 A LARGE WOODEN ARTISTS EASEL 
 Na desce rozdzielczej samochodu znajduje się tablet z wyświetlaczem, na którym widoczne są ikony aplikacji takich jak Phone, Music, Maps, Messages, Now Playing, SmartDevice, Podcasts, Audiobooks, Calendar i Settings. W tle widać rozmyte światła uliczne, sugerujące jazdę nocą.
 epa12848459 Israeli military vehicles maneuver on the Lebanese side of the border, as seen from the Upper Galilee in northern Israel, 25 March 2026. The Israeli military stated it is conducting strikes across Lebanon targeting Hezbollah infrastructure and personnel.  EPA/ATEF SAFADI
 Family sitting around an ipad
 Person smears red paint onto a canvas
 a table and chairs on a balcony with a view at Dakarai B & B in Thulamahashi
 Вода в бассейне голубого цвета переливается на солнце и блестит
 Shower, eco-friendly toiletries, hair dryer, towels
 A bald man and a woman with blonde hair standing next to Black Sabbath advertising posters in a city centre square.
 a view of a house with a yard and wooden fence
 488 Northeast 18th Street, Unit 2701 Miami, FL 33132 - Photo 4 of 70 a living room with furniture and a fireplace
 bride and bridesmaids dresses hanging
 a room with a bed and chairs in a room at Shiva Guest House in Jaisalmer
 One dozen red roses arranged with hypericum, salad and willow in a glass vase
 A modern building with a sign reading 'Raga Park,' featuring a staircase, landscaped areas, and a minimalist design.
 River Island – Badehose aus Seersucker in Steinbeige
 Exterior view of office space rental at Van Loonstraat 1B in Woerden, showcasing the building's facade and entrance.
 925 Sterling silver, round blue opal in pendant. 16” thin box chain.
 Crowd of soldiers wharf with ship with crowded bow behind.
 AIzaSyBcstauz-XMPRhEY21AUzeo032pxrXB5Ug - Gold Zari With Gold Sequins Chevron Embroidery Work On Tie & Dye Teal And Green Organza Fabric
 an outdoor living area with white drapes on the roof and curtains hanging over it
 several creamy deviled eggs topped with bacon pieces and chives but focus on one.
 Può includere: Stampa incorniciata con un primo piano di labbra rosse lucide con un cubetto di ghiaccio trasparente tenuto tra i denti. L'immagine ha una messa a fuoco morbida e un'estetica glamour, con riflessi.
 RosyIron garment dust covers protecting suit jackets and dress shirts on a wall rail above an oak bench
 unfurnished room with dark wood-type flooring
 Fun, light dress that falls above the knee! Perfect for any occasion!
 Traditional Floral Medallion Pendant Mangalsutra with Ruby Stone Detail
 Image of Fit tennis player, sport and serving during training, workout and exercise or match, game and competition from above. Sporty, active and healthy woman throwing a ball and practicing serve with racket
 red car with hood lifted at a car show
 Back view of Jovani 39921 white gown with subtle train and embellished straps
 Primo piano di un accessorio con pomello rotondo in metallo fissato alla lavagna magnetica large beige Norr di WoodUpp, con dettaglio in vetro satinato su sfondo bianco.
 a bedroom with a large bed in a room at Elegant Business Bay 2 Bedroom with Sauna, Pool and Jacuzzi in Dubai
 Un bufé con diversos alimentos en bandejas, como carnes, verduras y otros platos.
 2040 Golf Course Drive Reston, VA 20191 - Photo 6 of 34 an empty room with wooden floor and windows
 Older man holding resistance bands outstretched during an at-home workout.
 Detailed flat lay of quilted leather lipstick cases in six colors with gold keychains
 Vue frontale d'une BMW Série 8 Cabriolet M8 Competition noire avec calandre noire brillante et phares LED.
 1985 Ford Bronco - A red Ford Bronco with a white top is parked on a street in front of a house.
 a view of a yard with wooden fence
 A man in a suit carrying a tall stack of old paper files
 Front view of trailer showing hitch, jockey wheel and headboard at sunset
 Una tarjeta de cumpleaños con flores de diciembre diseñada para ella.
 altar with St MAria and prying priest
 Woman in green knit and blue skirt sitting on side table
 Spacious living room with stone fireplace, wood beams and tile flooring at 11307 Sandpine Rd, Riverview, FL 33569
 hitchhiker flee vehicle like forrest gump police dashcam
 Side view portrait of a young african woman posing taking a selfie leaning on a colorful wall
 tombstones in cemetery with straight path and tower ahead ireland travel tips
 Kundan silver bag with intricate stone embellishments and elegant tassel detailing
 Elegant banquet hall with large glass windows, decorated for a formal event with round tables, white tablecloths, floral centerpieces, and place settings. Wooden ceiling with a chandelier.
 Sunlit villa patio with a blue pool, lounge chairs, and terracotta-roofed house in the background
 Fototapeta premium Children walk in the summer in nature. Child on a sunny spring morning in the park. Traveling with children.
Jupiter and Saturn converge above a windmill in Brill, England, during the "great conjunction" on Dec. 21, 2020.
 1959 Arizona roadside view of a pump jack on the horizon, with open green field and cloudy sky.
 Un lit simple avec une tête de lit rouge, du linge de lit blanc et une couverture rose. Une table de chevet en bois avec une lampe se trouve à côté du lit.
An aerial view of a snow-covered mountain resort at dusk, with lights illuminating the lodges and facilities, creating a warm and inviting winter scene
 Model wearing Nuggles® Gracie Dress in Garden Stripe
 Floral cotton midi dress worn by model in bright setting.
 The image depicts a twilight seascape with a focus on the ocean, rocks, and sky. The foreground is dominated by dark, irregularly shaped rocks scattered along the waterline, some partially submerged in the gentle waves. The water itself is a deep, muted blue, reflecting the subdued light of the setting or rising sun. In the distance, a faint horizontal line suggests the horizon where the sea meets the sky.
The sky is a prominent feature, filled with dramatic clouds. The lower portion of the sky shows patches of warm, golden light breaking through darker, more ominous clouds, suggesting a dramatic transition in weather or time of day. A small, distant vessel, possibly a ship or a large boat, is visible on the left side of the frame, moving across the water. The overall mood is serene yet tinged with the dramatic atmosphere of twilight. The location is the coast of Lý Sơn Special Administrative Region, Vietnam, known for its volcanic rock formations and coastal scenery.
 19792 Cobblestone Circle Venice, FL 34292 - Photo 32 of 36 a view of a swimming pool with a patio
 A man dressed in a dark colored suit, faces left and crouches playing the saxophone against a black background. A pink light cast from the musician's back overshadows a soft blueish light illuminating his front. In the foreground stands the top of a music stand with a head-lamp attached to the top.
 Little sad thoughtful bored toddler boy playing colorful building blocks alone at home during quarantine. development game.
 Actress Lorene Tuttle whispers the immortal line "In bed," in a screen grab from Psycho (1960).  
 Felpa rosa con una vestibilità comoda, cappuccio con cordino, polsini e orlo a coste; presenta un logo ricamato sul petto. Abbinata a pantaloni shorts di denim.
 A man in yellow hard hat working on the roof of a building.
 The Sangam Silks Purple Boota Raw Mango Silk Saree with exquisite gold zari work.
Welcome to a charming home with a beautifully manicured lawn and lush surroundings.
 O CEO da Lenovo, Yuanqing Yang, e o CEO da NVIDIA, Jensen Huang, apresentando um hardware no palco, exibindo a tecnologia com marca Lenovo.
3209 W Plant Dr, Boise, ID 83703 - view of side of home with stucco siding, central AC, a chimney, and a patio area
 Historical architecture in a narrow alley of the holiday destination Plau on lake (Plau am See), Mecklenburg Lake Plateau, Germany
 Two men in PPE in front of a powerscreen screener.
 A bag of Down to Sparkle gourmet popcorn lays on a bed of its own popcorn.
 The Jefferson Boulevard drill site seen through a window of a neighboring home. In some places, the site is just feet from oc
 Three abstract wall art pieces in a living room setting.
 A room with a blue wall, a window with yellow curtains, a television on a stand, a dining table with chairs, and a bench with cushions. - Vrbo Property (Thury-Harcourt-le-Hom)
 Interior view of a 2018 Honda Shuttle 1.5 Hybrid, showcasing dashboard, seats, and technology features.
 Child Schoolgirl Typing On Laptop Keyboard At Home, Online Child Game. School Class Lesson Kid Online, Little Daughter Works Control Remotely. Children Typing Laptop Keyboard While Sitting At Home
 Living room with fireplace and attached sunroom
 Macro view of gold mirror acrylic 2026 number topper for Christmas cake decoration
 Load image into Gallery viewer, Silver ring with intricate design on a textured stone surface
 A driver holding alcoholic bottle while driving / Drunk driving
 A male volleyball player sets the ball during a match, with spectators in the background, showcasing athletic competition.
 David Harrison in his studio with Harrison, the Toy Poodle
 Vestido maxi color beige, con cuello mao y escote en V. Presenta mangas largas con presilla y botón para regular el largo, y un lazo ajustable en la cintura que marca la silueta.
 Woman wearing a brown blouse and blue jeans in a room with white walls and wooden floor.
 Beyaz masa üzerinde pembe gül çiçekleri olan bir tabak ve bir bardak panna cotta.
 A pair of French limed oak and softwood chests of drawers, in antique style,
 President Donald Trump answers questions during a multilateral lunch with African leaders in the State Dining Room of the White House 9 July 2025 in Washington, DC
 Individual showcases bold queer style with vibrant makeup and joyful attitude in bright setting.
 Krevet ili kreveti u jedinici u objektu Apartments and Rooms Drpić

* * *

## WHAT IS EXPECTED:
For this exercise, please output exactly the lines above starting at the line with "2040 Golf Course" and ending at the line with "Detailed flat lay", ends included.

## REPLY TO THE TASK:
 2040 Golf Course Drive Reston, VA 20191 - Photo 6 of 34 an empty room with wooden floor and windows
 Older man holding resistance bands outstretched during an at-home workout.
 Detailed flat lay of quilted leather lipstick cases in six colors with gold keychains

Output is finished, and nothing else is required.